Танин путь к возлюбленному был так долог и многотруден, что когда наконец, получив французскую визу (все-таки Лист был добрым человеком), она рухнула вместе с дочерью к его ногам, ей требовалась длительная передышка. Реми жил в самом дорогом районе Парижа, на острове Сен-Луи. Он был потомственным адвокатом, и семья владела целым домом. На первом этаже жили родители, на втором — сестра Реми, на третьем — его бывшая жена с тремя детьми, а на четвертом, в мансарде, — он сам. Он был рад ей, но весьма смущен внезапным десантом: чемоданы, ребенок — все они собиралась поселиться у него. А у него, честно говоря, от своих-то трех детей раскалывалась голова, и жена хоть и была бывшей, вернее — полубывшей, предполагалось, что он кукует один на своей мансарде, ну приходят-уходят там всякие (за то и выгнала), но не то чтоб он мог взять и объявить на весь дом: «Внимание, у меня тут семья № 2». Нет, этого не поняли бы ни родители, ни сестра, ни ее муж, ни их сын, ни жена, ни трое его собственных малолетних отпрысков. Он не был разведен — всего лишь separe — отделен, это, конечно, тоже статус, но не окончательный. А если учесть, что вся семья — потомственные юристы и католики, посещающие мессы на латыни и голосующие, как все такие прихожане, за ультраправых, за Ле Пена, включая отделенную жену-немку, исповедующую религию трех К — Kirche, Kuche, Kinder, — то Тане там было делать абсолютно нечего. Но Реми любил иностранок! Эта весьма распространившаяся болезнь французских мужчин — не любить француженок (алчных, претенциозных, требовательных) — заразила и Реми, с кем он только не гулял! Неизменно отдавая дань народам восточнее Франции — русский народ в его представлении был самым патриархальным. А тут на тебе: сбежала от мужа, с ребенком, есть ли, вообще говоря, разрешение от отца на вывоз дочери? Поначалу он решил прощупать почву: какие у Тани планы — надолго ль она в Париж, предполагает пожить пока в гостинице или он может помочь ей снять квартиру в Париже? Знает ли она, что аренда квартиры не может превышать 25 % ее ежемесячного дохода? Он готов выступить поручителем и все такое. А она почему-то заплакала. И ребенок следом. И очень нежелательно, чтоб сейчас прибежали его дети и застали эту сцену. Он сгреб Таню и девочку в охапку и быстро-быстро стал проталкивать их по лестнице вниз — лифта в этом старинном доме не было. Вести их в ближние кафе не стоило — все ж в округе друг друга знают в лицо.
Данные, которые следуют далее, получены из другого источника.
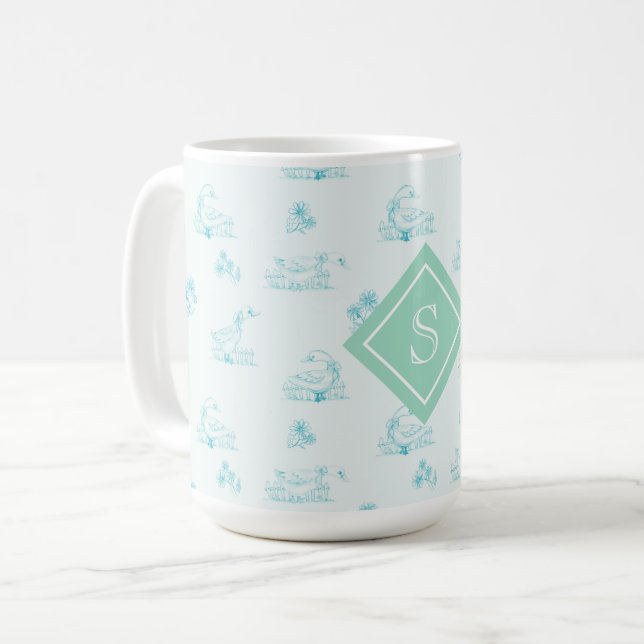 Cute Country Goose Toile Pattern Monogram Coffee Mug (Front Left)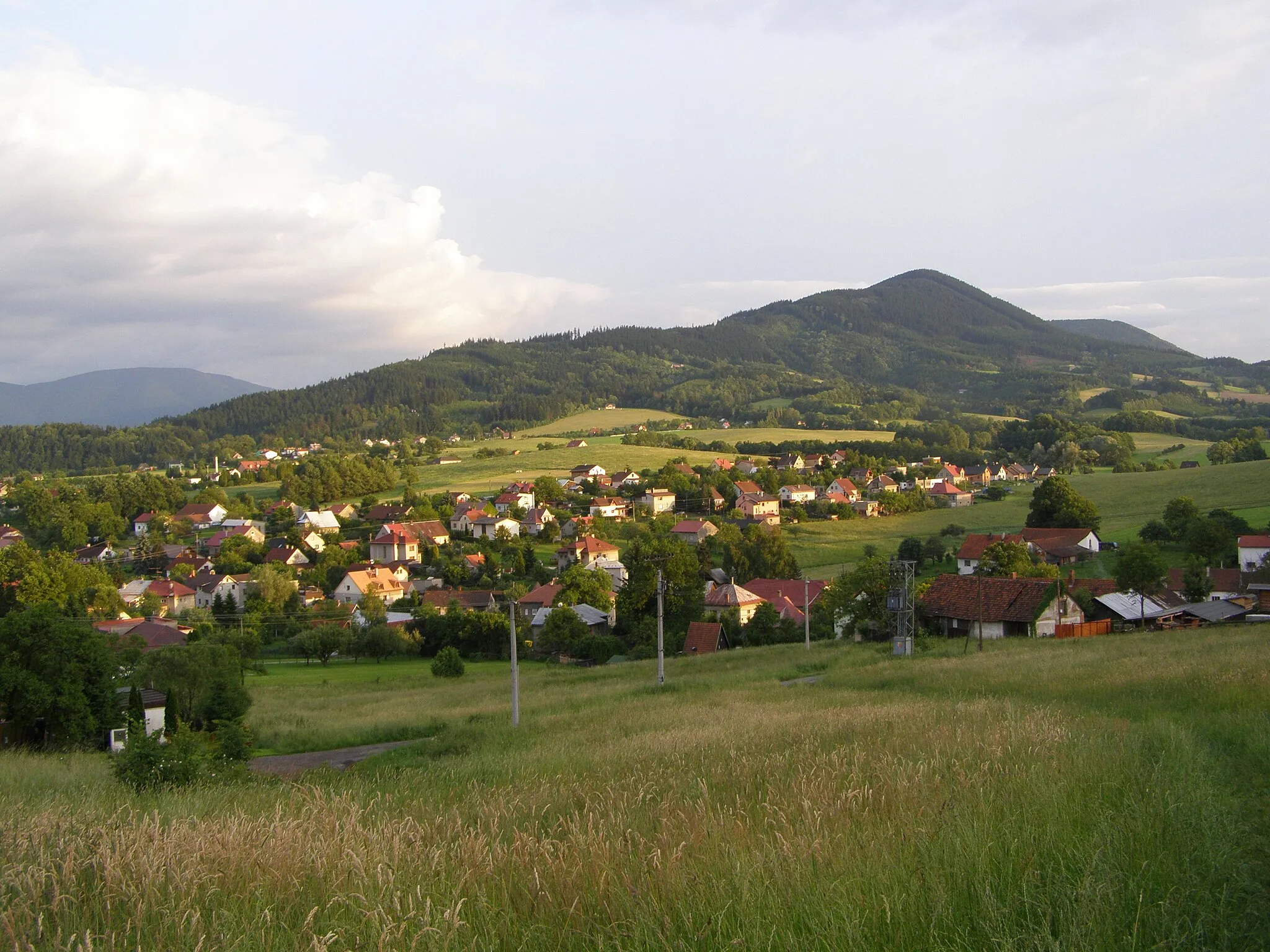 Photo showing: Metylovice, pohled z lokality Lišky na severní stranu vrcholu Ondřejník (890 m)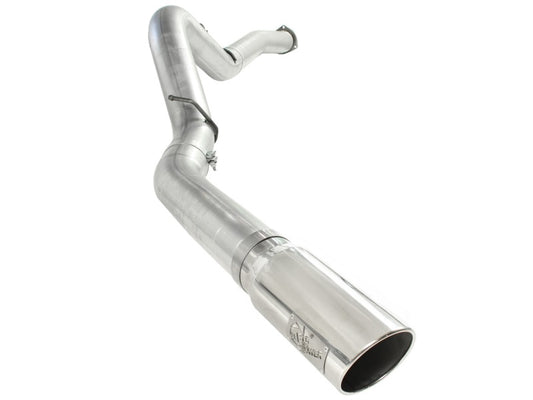 aFe ATLAS 5in DPF-Back Alum Steel Exhaust System Polished Tip GM Diesel Trucks 7.5-10 V8-6.6L td LMM - Burkken Auto Parts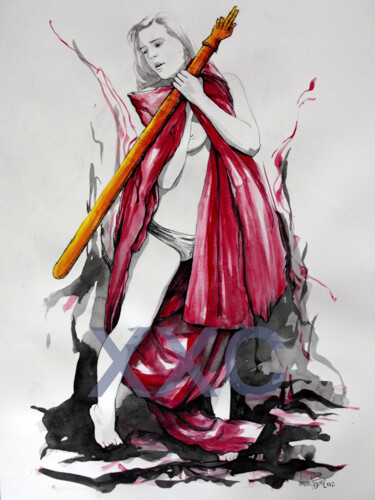 Peinture intitulée "rebelle 2" par Vincent Tessier Xxc, Œuvre d'art originale, Encre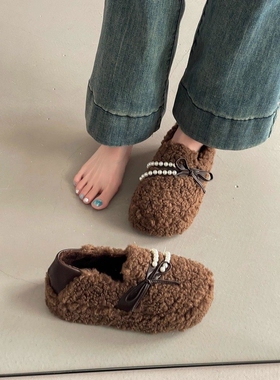 日本offcat2025新款毛毛鞋女款冬季气质外穿厚底增高一脚蹬保暖棉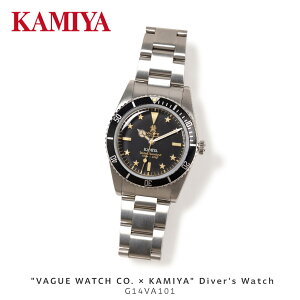KAMIYA �J�~�� VAGUE WATCH CO. Diver's Watch G14VA101 �r���v �����Y �h�� �����Y�r���v �_�C�o�[�Y�E�H�b�` 100m ���@�[�O�E�H�b�` �R���{ �A�i���O �N�H�[�c ���₷�� ������� ���S �V���o�[ �M�t�g �v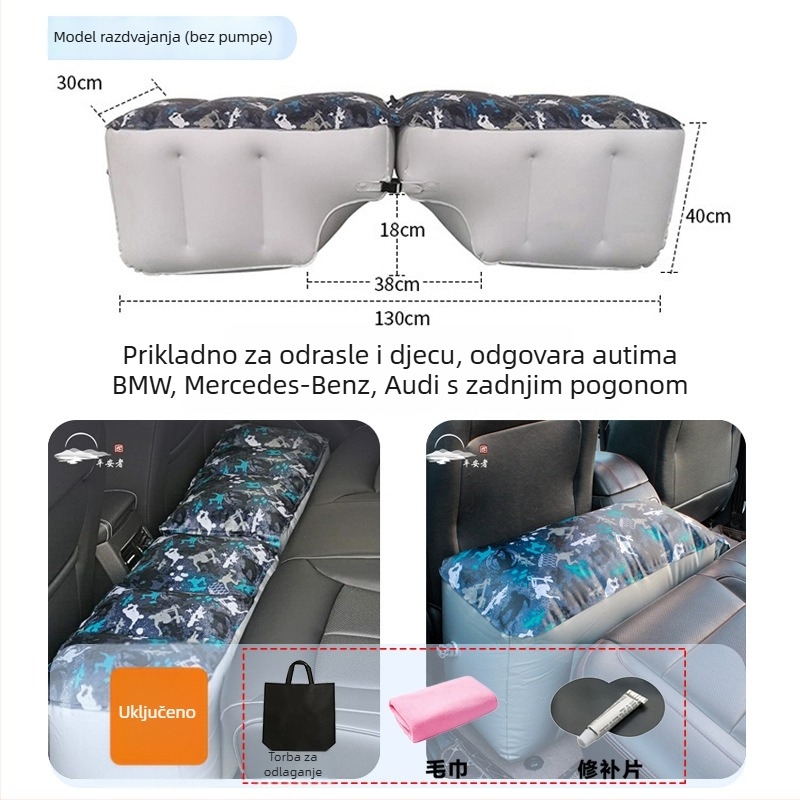 Nafukivani ležaljka za stražnje sjedalo automobila za putovanja - brzo naduvavanje, univerzalna kompatibilnost, PVC s plišanom tkaninom, nosivost 150 kg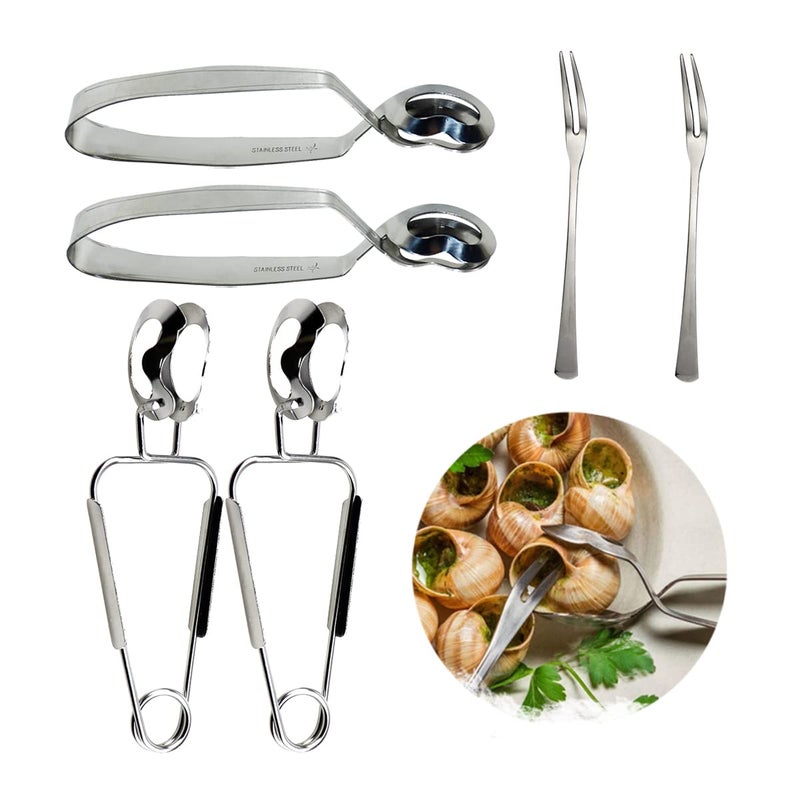 DOERDO 6PCS Stainless Steel Escargot Snail Tongs with Forks Kitchen Cooking Tool for Kitchen Cooking and Restaurant Serving 6Inch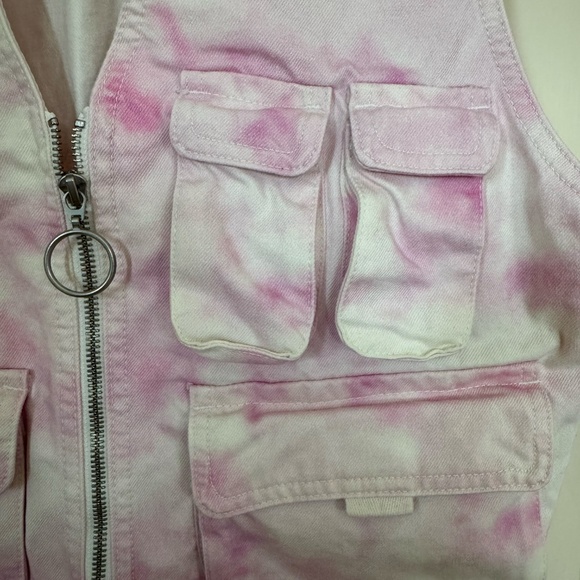 Zara Tie Dye Utility Vest Cargo Pocket Pink White Size M - Picture 3 of 3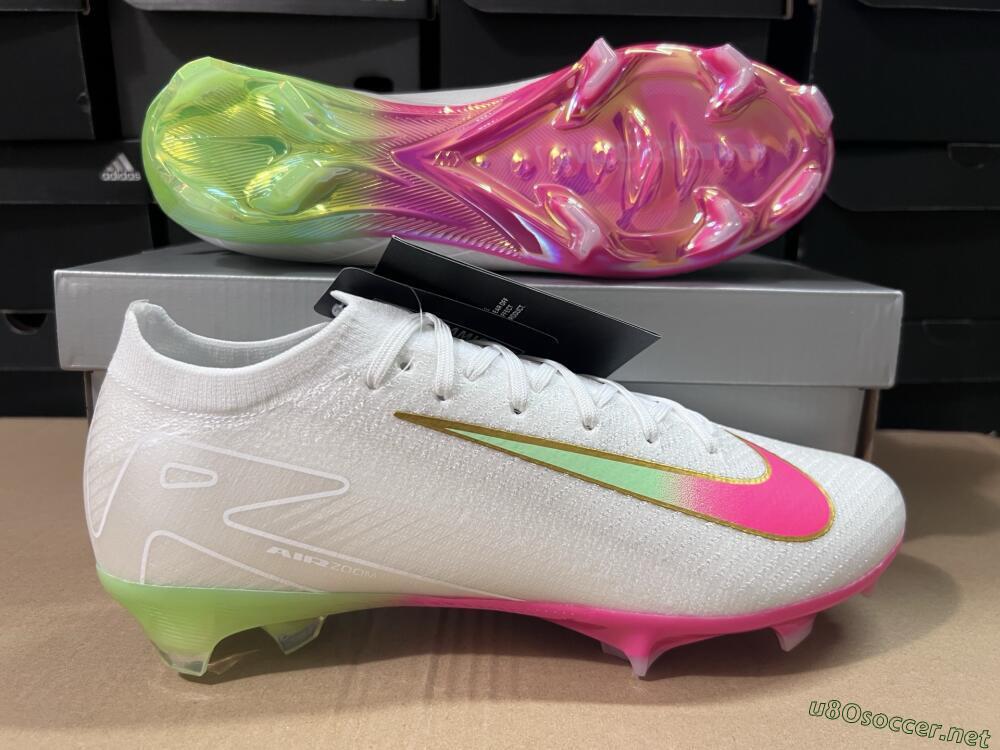 Unisex Nike Air Zoom Mercurial Vapor 16 Elite FG Football Boots - White/Red/Gold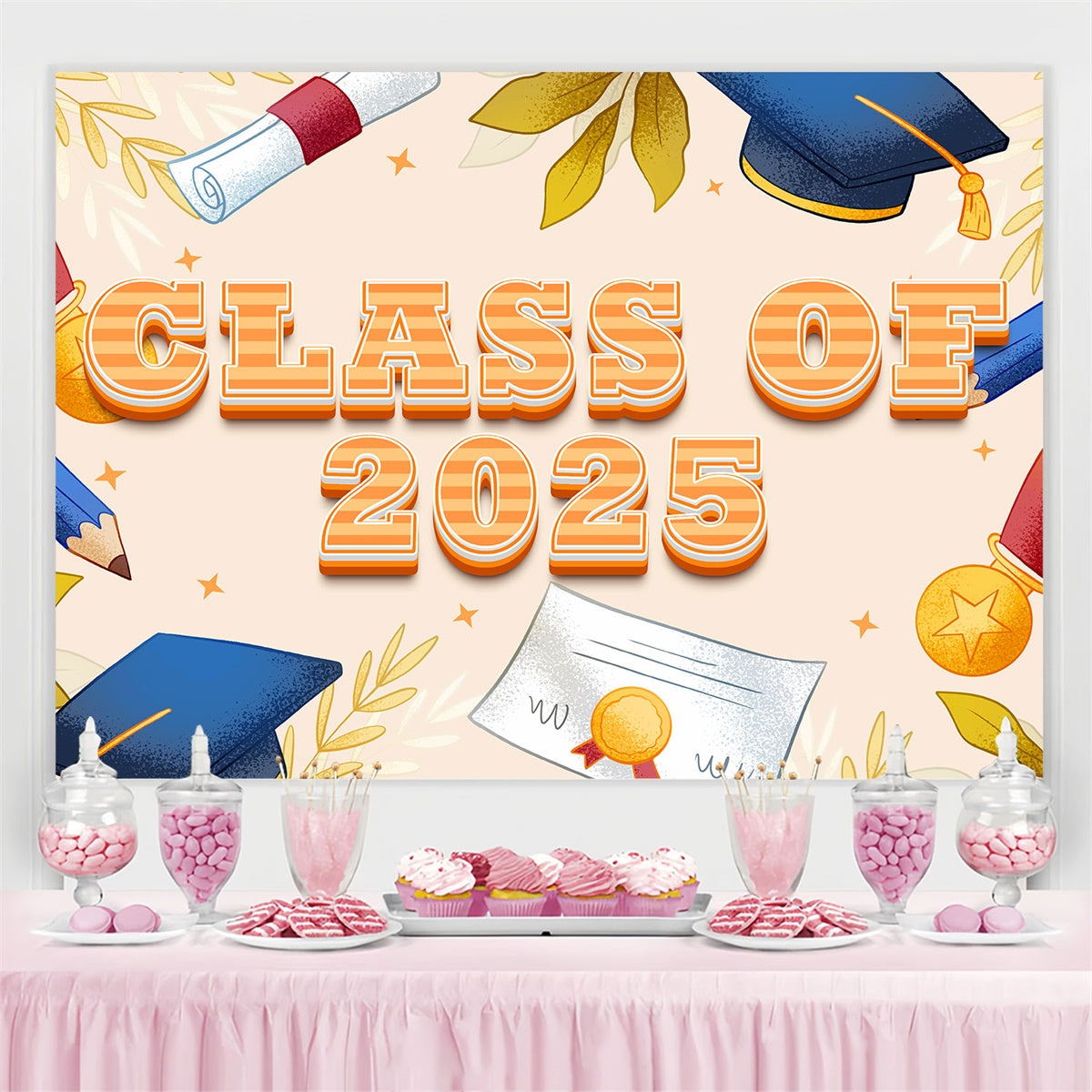 Toile de fond Idées Photo Remise de Diplôme Style Vintage 2025 BRP2-260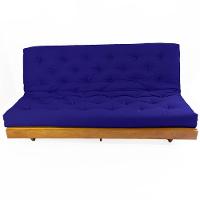Sofá Cama Futon L Acquablock Azul Royal Madeira Nobre Maciça - 3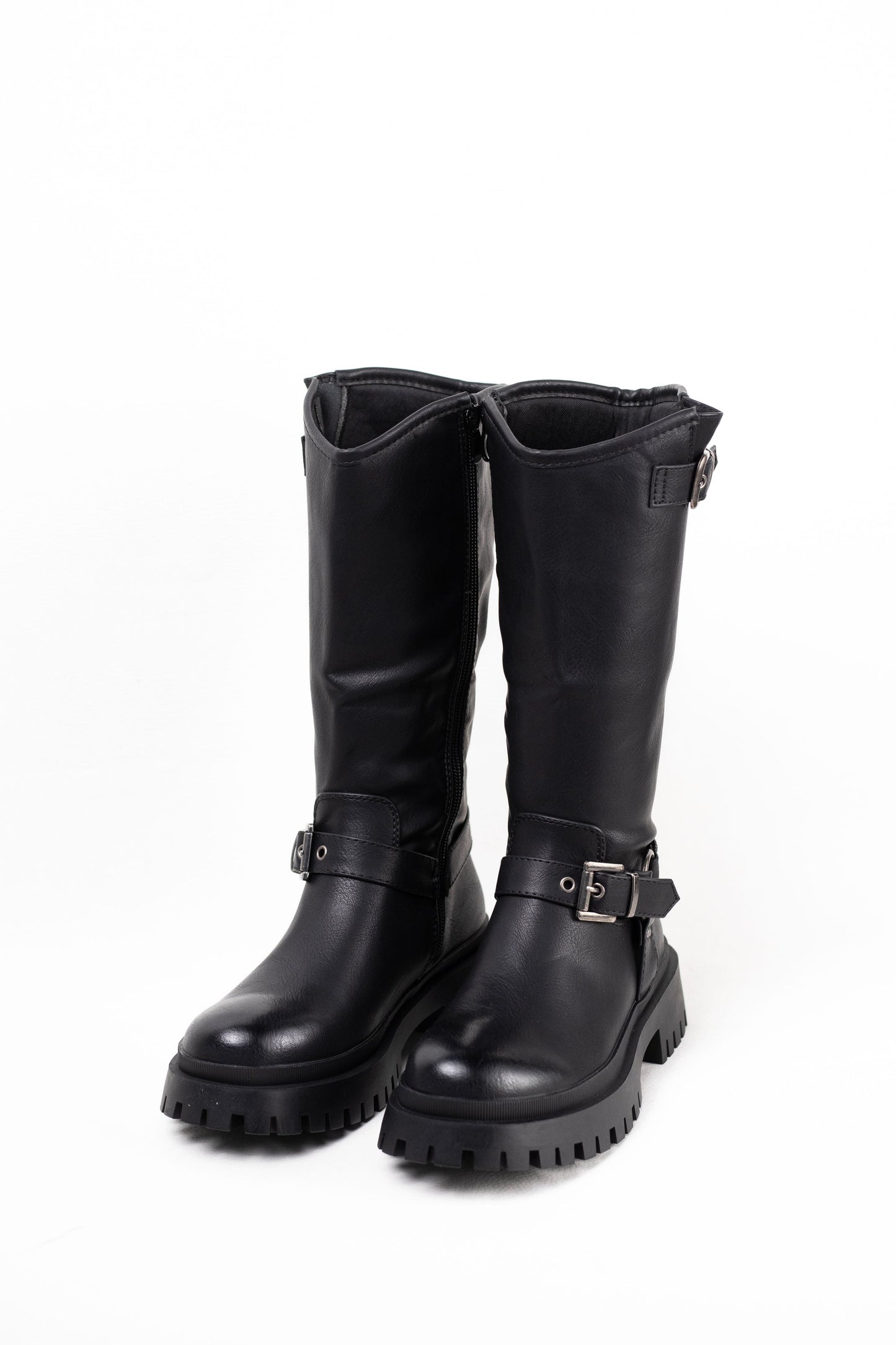 botas moteras mujer con suela track Negro 38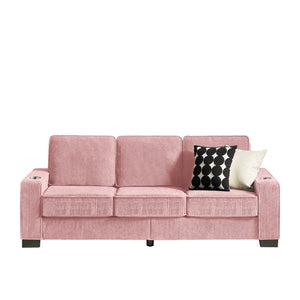 English Elm 83.86"corduroy Fabric Three-seat Sofa with Cup Holders for Modern Living Rooms Pink W1359P404566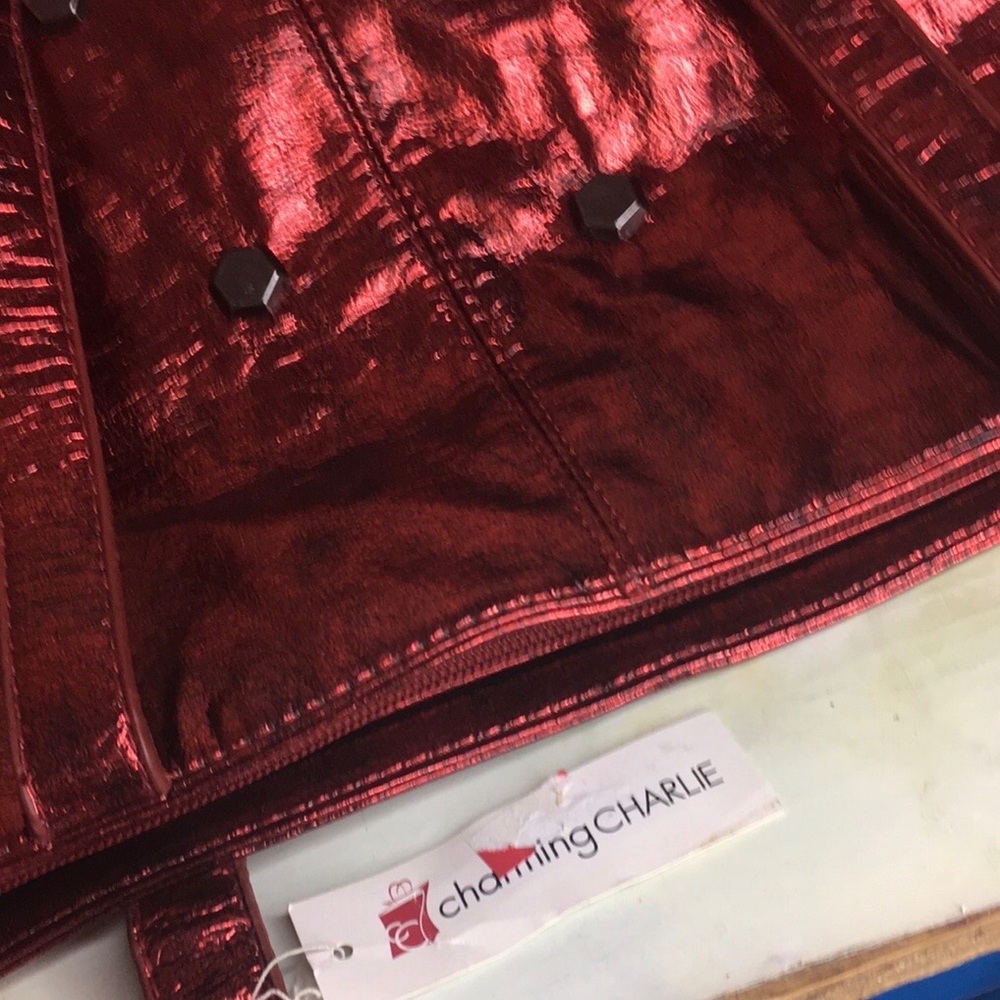 Charming Charlie Vintage Large Metallic Ruby Red Studded Tote Bag - Picture 9 of 11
Дело было между обедом и ужином, как раз для того, чтоб prendre un pot (чего-нибудь выпить) и заодно успокоить нервы. Но, завидев кафе с нарисованными на нем шариками и рожками, девочка стала вопить: «Хочу мороженое!», а это было фирменное кафе Glaces Bertillon — мороженое, которое французы считают лучшим в мире, и производилось оно как раз на острове Сен-Луи. Вот уж остров везения, так это он. Вопли на русском языке были еще непривычны жителям острова — это теперь русская речь слышится всюду, а уж в дорогих местах с ней и вовсе конкурирует только арабская, — и прохожие начали оборачиваться, по-французски деликатно, вполоборота, не пялясь, а переводя взгляд исподлобья с девочки на Реми, и кивали, улыбались, от чего девочка пришла в отличное расположение духа, впрыгнула в кафе «Бертийон», и Реми ничего не оставалось делать, как последовать за ней, кивая и улыбаясь знакомым и незнакомым соседям. Всем троим принесли меню, и Таня, взяв себя в руки, всматривалась в слова, по отдельности знакомые, но не сраставшиеся в целое. Она поискала «Марс», «Солнышко», «Космос» — ничего подобного там не было, хотя жизнь снова, вернее все еще, была впереди, как в «Космосе» на Тверской.